As we continue our tour, a strange looking something catches Lizzie and my eye and being as perceptive as she is Gale quickly says “Egyptian Walking Onions”. These tall, bluish-green onions are so top heavy they are basically falling over. Gale informs us that they grow up to 3 feet high and when the “fruit” on top gets too heavy it begins to pull the plant down, takes root and basically walks across your garden bearing more fruit as it goes. “Wow!” is all both Lizzie and I can say. I have gotten to cook with this thing!
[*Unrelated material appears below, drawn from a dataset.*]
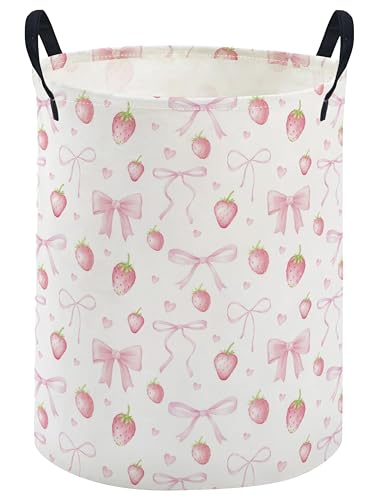 Image of ESSME Kids Laundry Basket,Strawberry Hamper Collapsible Canvas Waterproof Storage Bin for Girls, Cute Hamper,Gift Baskets(Strawberry)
It not only smells amazing, but is the strangest thing I’ve seen in awhile and my inner foodie goes nuts!
We continue walking with Gale pointing out the various vegetables she grows – baby greens, beets, cabbages, squash, rainbow chard, cucumbers, eggplant, herbs, various berries, beans and an incredible assortment of tomatoes to name a few. Heavy rains drowned most of the tomato plants this past year, but the remaining are now beginning to bear fruit. They are purple and red and everything in between. Gale mentions that she only grows single stem tomatoes allowing for all of the plant’s energy to go into a small amount of fruit rather than dispersing over numerous stems. It not only bears more fruit than a regular plant, but as she picks a few cherry tomatoes from the vine handing them to us, you can taste the difference almost immediately. They easily pop in your mouth releasing sweet juice warmed from the sunshine. This is why supporting small farms is so necessary. Straight from the ground to your belly = A-M-A-Z-I-N-G!!!!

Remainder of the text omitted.